Authors: Mercedes Gallego
El trepa se frotaba las manos esposadas.
—¿Tienes un cigarro? —pidió a Manel.
—No hemos venido aquí a charlar y fumar un pitillo. Ahora mismo me vas a contar eso de que la culpa la tiene Gabi ¿Qué quieres decir?
—Es que estoy acojonao, poli. Como se entere de que te he dicho algo me la cargo. Es capaz de pegarme dos hostias o peor aún. Quitarme de en medio…
—El que te va a moler a hostias soy yo como no cantes rapidito y sin omitir detalles. ¿Qué coño pasa con Gabi?
—Al menos que me den un poco de agua, que estoy seco. Y que me quiten esto, joder. No me voy a largar —señaló las esposas.

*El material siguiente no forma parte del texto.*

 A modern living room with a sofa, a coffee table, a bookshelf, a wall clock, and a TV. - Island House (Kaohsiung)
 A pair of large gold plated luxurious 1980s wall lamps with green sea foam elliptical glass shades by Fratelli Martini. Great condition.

Manel se pasó la mano por la cara acariciando sus mejillas, el gesto todavía le resultaba extraño, echaba de menos la barba. Sopesaba la posibilidad de conseguir una confesión que, por lo visto, no habían logrado sus compañeros, a juzgar por lo que estaba viendo, porque si el Trepa hubiera hecho alguna confesión a estas alturas todos estarían en la Brigada viendo la forma de ir a por Soriano. Además, él ya no estaba de baja, podía actuar y tomar declaración a un detenido, máxime cuando era un caso del grupo. Llamó al policía armado que custodiaba la puerta.

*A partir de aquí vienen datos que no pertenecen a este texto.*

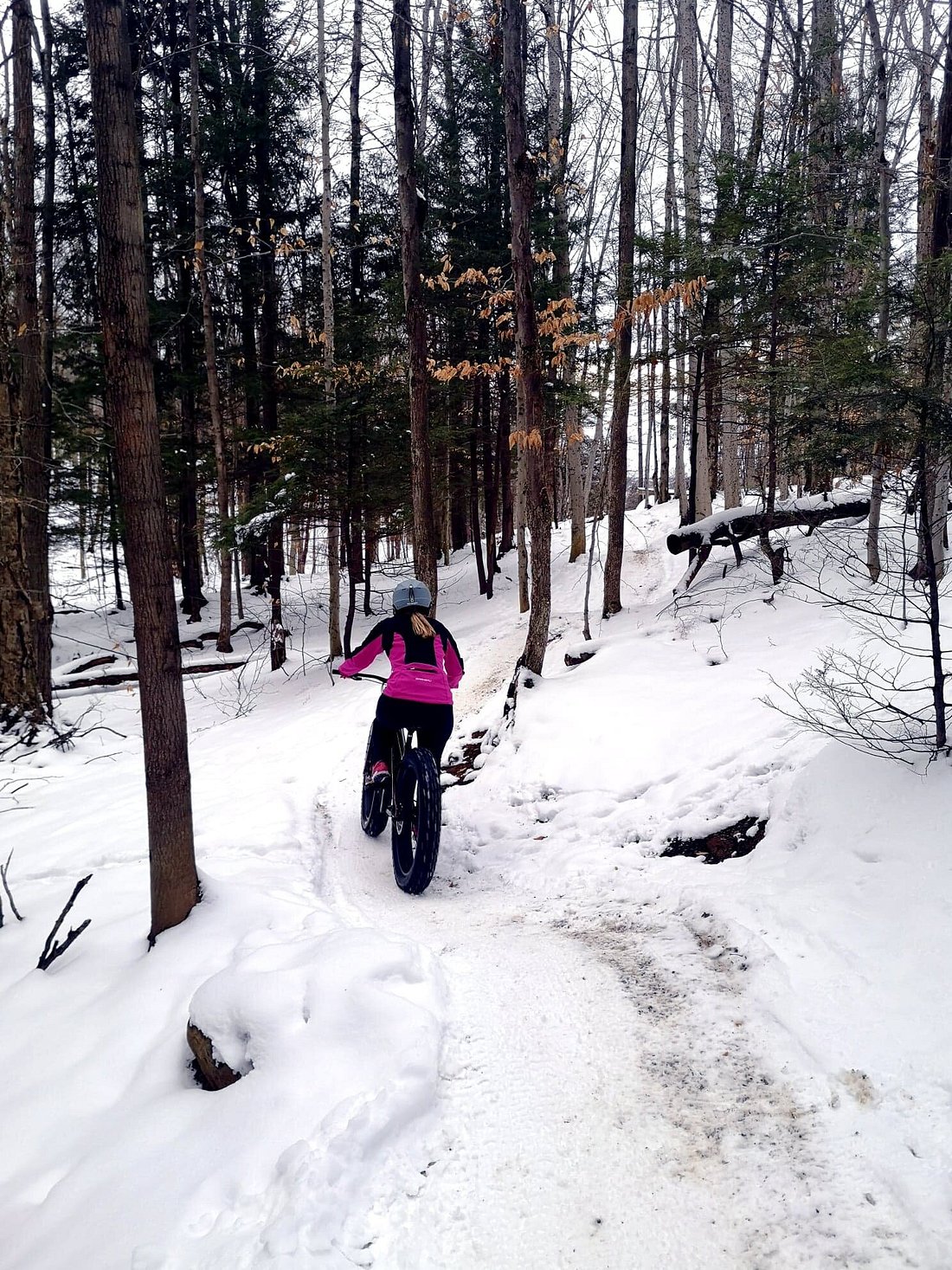 Winter sports scene at Mont Bellevue, Quebec, showcasing a mountain bike near a chalet, a skier trailing through the snowy terrain, nestled amidst stunning winter scenery.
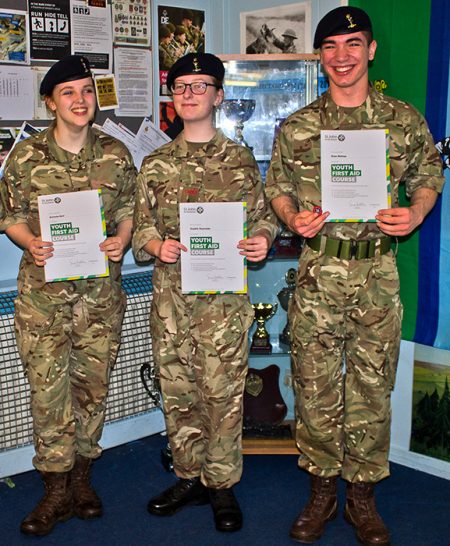 Photo of Sgt Gurr, L/Cpl Reynolds and Cdt Bishop receiving their Youth First Aid certificates.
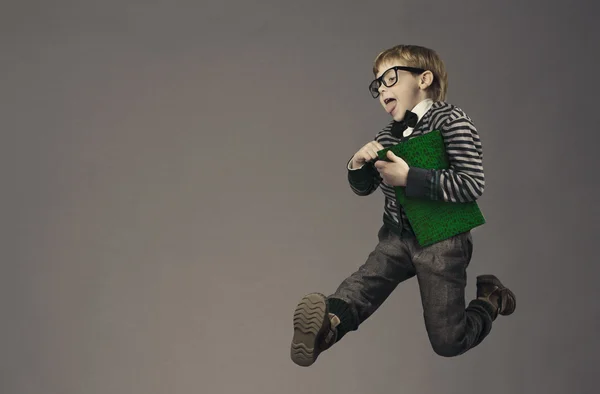 Child running back to school, funny kid portrait, jumping smart schoolboy with glasses and book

—Tráele un vaso de agua al mierda este.
El Trepa levantó las manos enlazadas por las esposas.
—Y que me quite esto, joder. Que está muy apretao.
El uniformado lanzó una mirada interrogante al inspector. Manel accedió con un gesto afirmativo y se alejó por el pasillo para traer el vaso de agua para el detenido.

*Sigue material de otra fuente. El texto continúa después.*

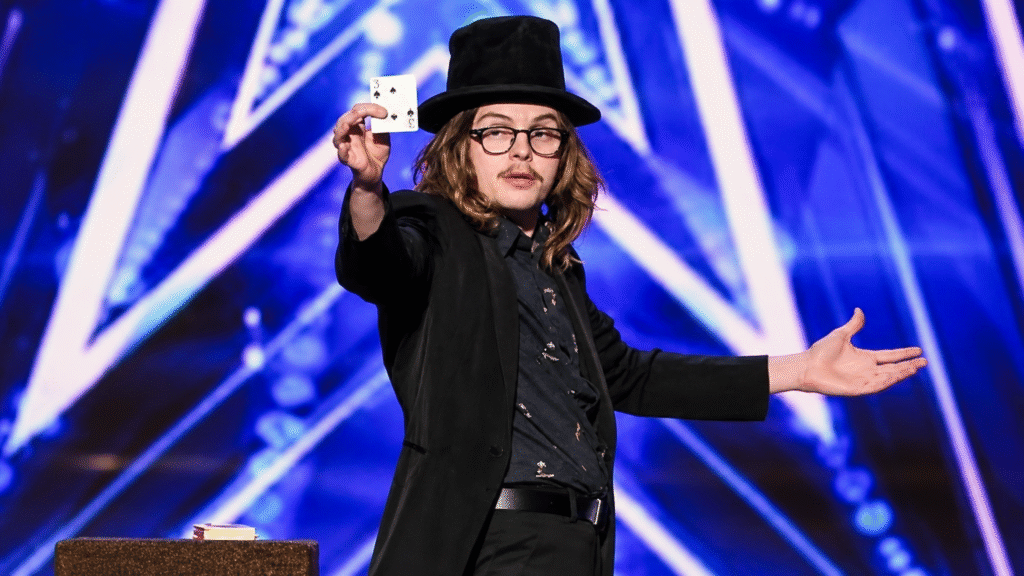 Jack Grady in a top hat performing a magic trick on the America's Got Talent stage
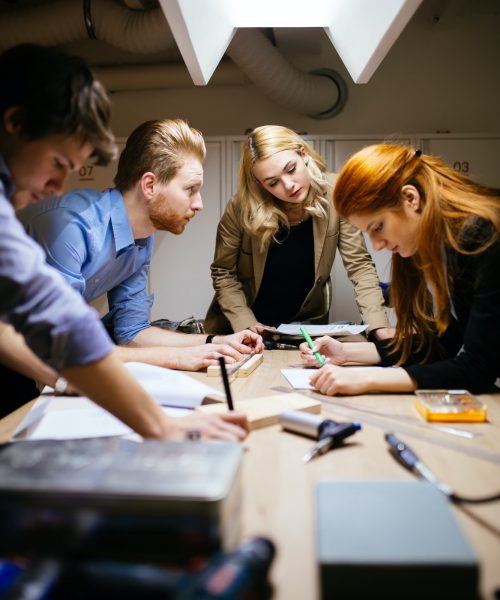 Business people collaborating in office and working on project together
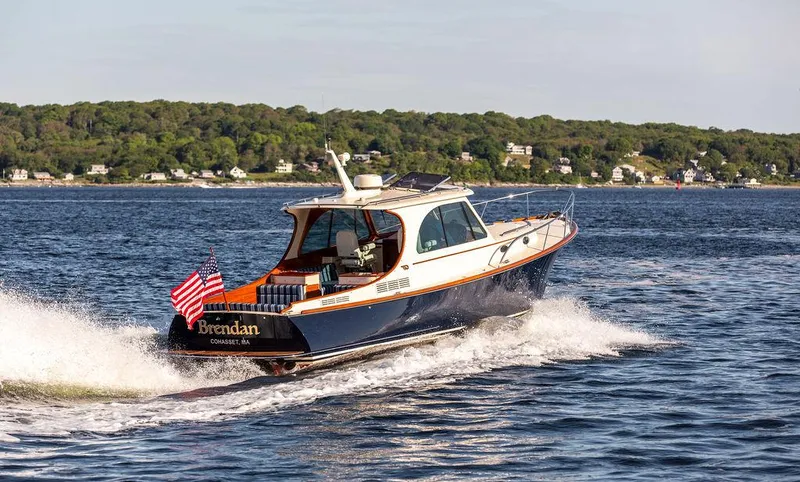 Brendan Yacht Photos Pics 2018 Hinckley Picnic Boat 37 MKIII cruising on open water, American flag displayed.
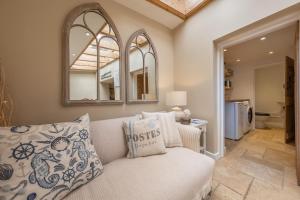a living room with a couch and a mirror at Charnwood Cottage 4 in Burnham Market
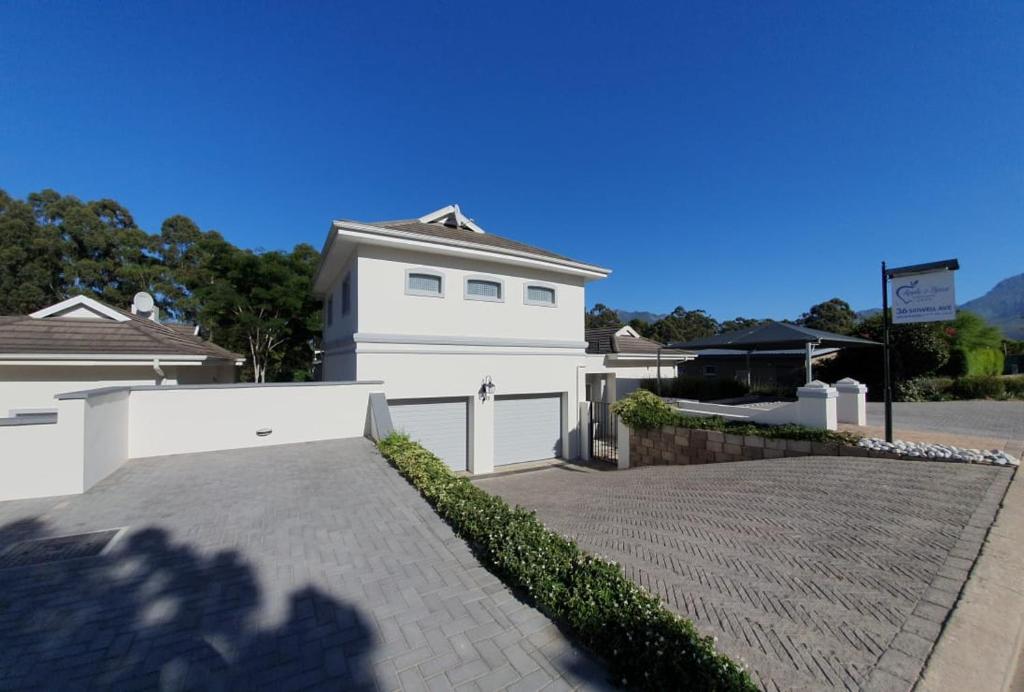 a white house with a fence and a driveway at Apple And Spice Guest House in George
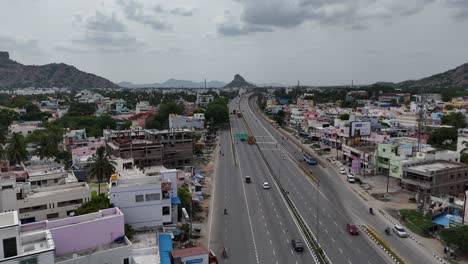 Elevated-view-of-the-highway-cutting-through-a-dense-forest-area,-showcasing-natural-beauty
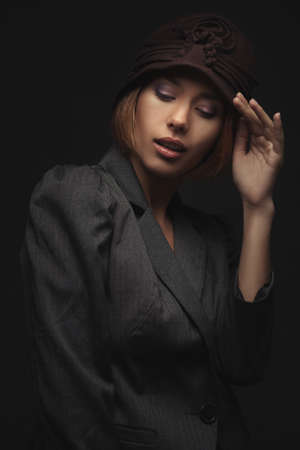 Elegant blond retro woman in hat over dark backgroundの写真素材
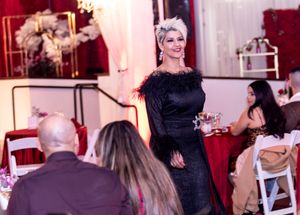 Elegant evening event with attendee in black feathered dress addressing seated guests.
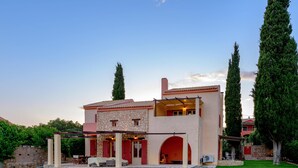 A two-story house with a stone facade, a red roof, and a covered patio area.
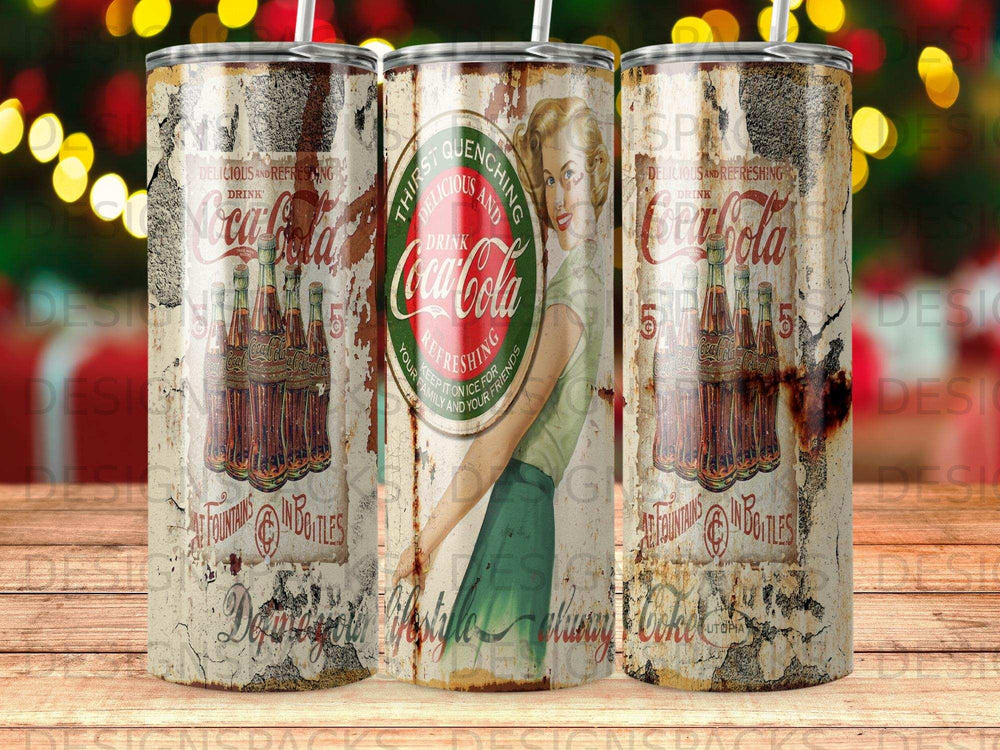 Three vintage Coca-Cola cans with retro design and text.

Apenas habían transcurrido unos segundos. Ambos se hallaban frente a frente separados por la minúscula mesa de formica cuando de forma inesperada, el Trepa, dando un descomunal salto, lanzó la mesa sobre Manel que cayó de espaldas y se golpeó la nuca con el suelo quedando inconsciente.
El detenido abandonó la sala de interrogatorios con paso rápido y en unos instantes alcanzó la calle sin que la pareja de policías de guardia en la entrada se lo impidiese. Era difícil entrar en la jefatura, pero a nadie extrañaba ver salir a una persona sin esposar, andando de forma natural, por lo que cuando, instantes después, el que custodiaba la sala de interrogatorios, regresó con el vaso de agua y vio al inspector sin moverse tendido en el suelo, con la cabeza sangrando, comenzó a gritar pidiendo auxilio, el Trepa se mezclaba entre la gente que deambulaba camino de la Catedral.
La confusión se apoderó del sótano donde se hallaba la Brigada. Cuando la pareja de la puerta acudió a los gritos, el Trepa se hallaba muy lejos de las dependencias policiales y lo máximo que pudieron hacer fue atender al herido.
El comisario y los inspectores dejaron para más tarde el interrogatorio y se fueron a comer cerca de la jefatura, ajenos a los acontecimientos que habían dejado a Manel fuera de combate y al detenido en libertad.
Entretanto, en la jefatura, el vaso de agua que el Trepa había pedido terminó sobre la cara del inspector que abrió los ojos llevándose la mano a la nuca. Manel, miraba a su alrededor aturdido.
—¿Dónde está el detenido?
—Se ha largado, inspector —respondió el policía del calabozo.
—¿Qué se ha largado? ¡Me cago en la hostia, joder! ¿Cómo le habéis dejado salir?
Los de la puerta se defendían.
—Nosotros no sabíamos que era un detenido, inspector. Le hemos visto salir tan tranquilo y ustedes llaman a gente para declarar y eso, pues no hemos pensado que era un detenido. Iba sin esposas ni nada, así que…
—Está bien, está bien —Manel continuaba sangrando. El cuello de la camisa estaba empapado.
Uno de los policías se acercó a él.
—Deje usted que le eche un vistazo, inspector. Esto sangra mucho. A lo mejor debería ir a urgencias y que le den unos puntos.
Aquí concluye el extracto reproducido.